On a long-term Point and Figure chart of the iShares MSCI Eurozone ETF (EZU) we can see a breakout over the 2014 zenith.
This represents a major upside breakout from a technical perspective and allows for a much higher potential price projection. However, Point and Figure charts ignore time (and volume) so we need to look at other charts to round out our analysis.
In this daily bar chart of EZU, below, we can see a strong rise over the past 12 months. A gap to the upside in late April adds to the bullish picture. Most of the time EZU has been above the rising 50-day moving average line but lately EZU has traded above and below the line.
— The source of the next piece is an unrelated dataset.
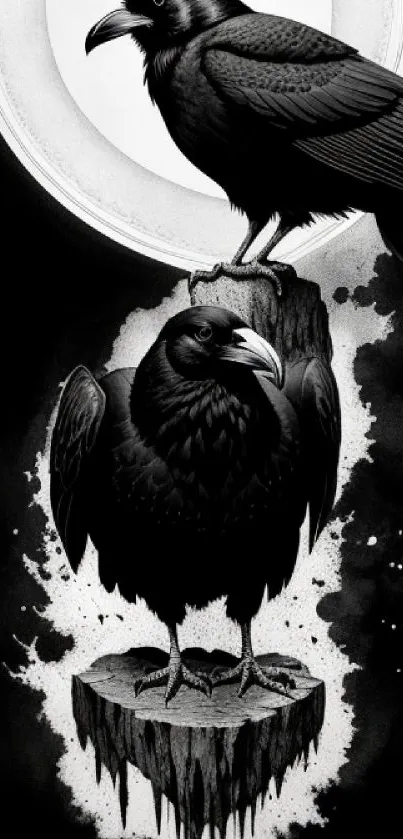 Mystical ravens perched under moon in black and white art.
The 200-day line has been climbing since early March and is bullish. A bullish golden cross of the 50-day and 200-day averages can be seen back in January. The On-Balance-Volume (OBV) line shows a rise from last December to early October. The OBV line has turned neutral since the beginning of October. The Moving Average Convergence Divergence (MAC) oscillator is hugging the zero line and currently does not indicate much trend strength.
In this weekly bar chart of EZU, below, we can see that prices are above the rising 40-week moving average line. The weekly OBV line has been neutral since May and the weekly MACD oscillator has been weakening since June.
In this long-term Point and Figure chart of EZU, below, we can see a pretty impressive-looking base pattern. Prices broke out over the 2014 peak this June at $41. A long-term potential Point and Figure price target of $72 is shown.
Bottom line: Many investment professionals believe that share prices in Europe could outperform other regions of the world and indeed the EZU has rallied strongly the past two years. In the short run the EZU is likely to trade sideways to correct its overbought condition. Longer-term we have a potential upside price target of around $72.